When our personal life gets out of control many of us prefer to bury the burden instead of blaming our loved ones. But when the work gets nasty we know who’s responsible – the boss. But is it really that simple? To answer this question Fit in The Office invited an experienced international executive who managed thousands of people during his career. 

When I was first asked to contribute to Julia’a Fit in The Office project, I didn’t really understand what I could offer.

To put a little context to this, I am probably what everybody doesn’t want to be – a 53-year-old overweight single male in a management position. I could talk for days about business, but what can I possibly know about health, fitness and balance?

It wasn’t until I was sharing a bottle of champagne with a friend a couple of weeks ago where I started to understand what it was all about. As a leader, I influence moods and plans of people on a regular basis and that potentially has a huge impact on their life balance.
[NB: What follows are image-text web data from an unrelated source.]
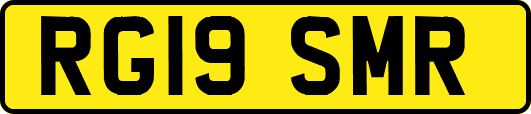 RG19SMR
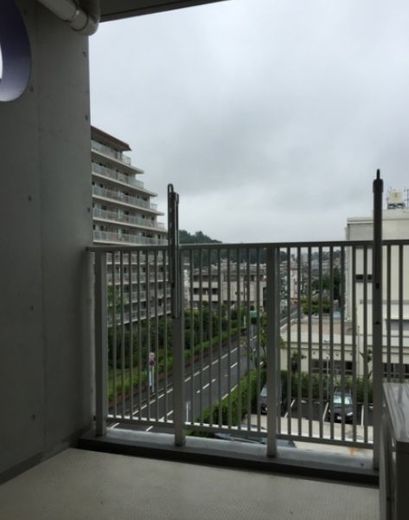 ブローテ大倉山 物件写真 建物写真23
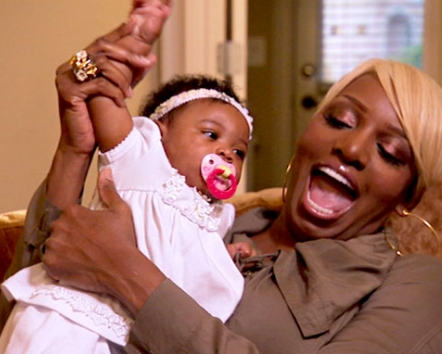 Nene BriAsia RHOA Nene BriAsia RHOA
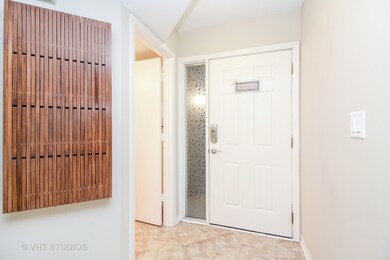 Foyer Entry (exclude coat rack)/powder room entry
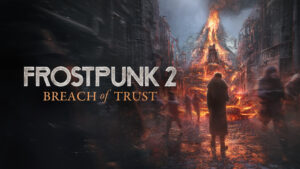 Frostpunk 2 Breach of Trust Launches Players into a New Fight for Survival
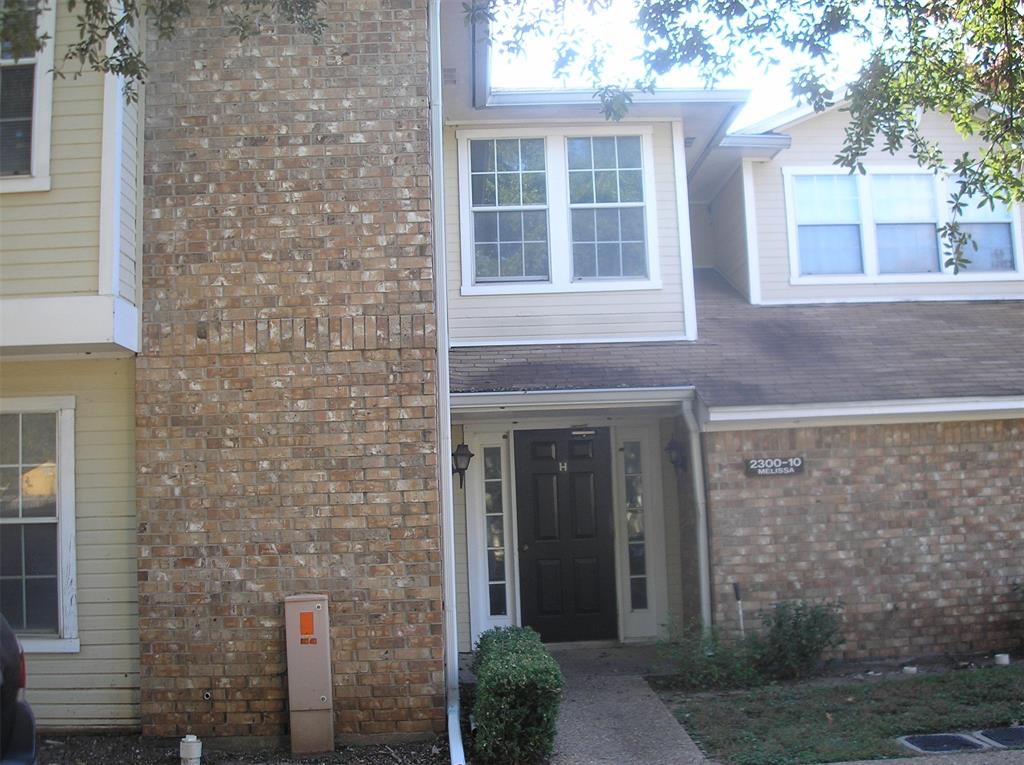 Weston - Residential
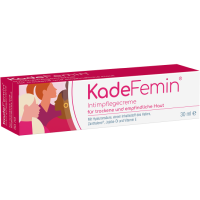 KADEFEMIN Intimpflegecreme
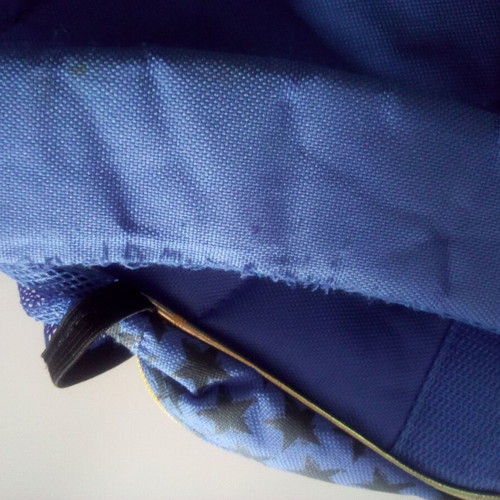 Tom and Jerry children's backpack used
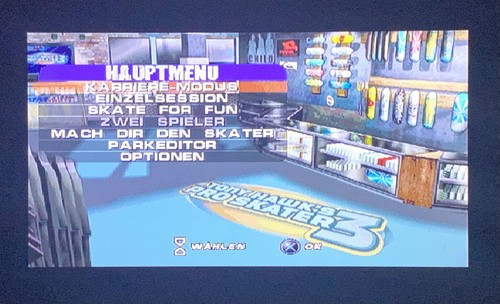 Tony hawk pro skater per - tony,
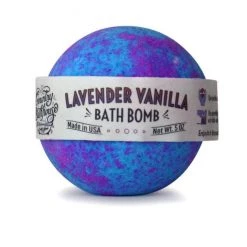 Iris & Rainbow Boutique New Arrivals #527 Bath Bombs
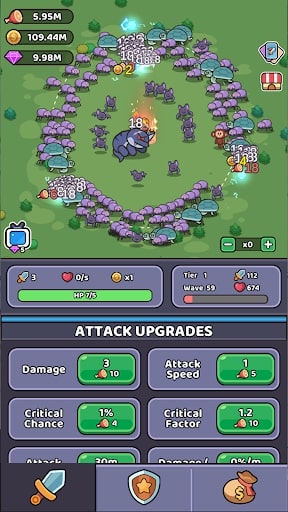 Download Wild Survival MOD APK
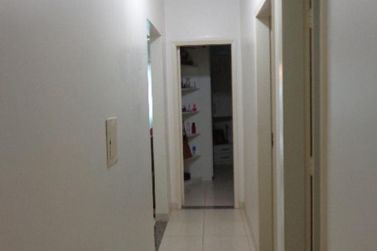 Casa &agrave; venda - 110m&sup2; - Jardim M&ocirc;naco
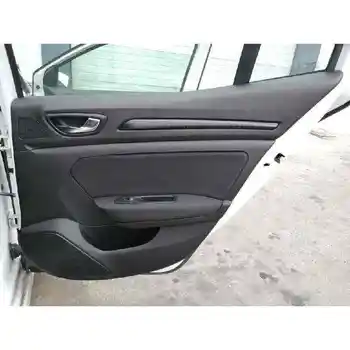829A07589R TRIM REAR RIGHT DOOR RENAULT MEGANE IV SALOON 5P
829A07589R TRIM REAR RIGHT DOOR RENAULT MEGANE IV SALOON 5P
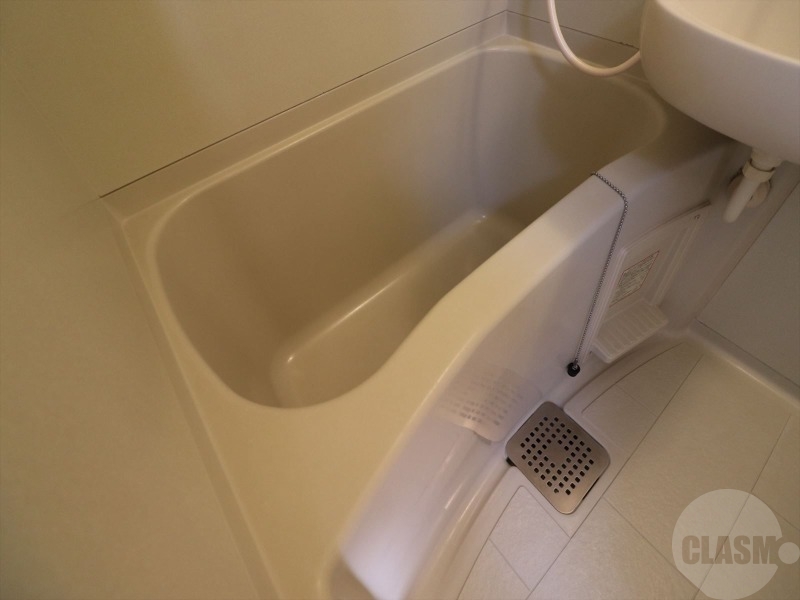 バス・シャワールーム　浴室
But that is not all of it: it would be too easy to say that ones manager is a key driver of ones life balance. All people are different, and balance comes in different forms and doses and there is no set formula that would be guaranteed to work 100% of the time. And in order to manage things we need at least to set some common rules and clarity.

So what is a major contributor to work life balance?

I think it is culture. You have the culture of a given country or region or even company and your views on balance will be formed accordingly.

Take Sweden for example, they have more of a “life/sometimes work balance” as part of their social fabric, and getting angry or staying till late at work seemed to be some sort of crime. Actually, for me it provided some much needed exercise just dodging the super-fast flow of people racing out the door at 4 pm.

Compare that culture to say that of a lot of the USA corporates where you are judged more by how many hours you are physically in the office rather than the quantity or quality of output you have as an employee.

Clearly two cultures will not have a same definition of balance.

However, if you are still convinced that it is your boss that sabotages your life’s harmony I would like to give you a piece of advice.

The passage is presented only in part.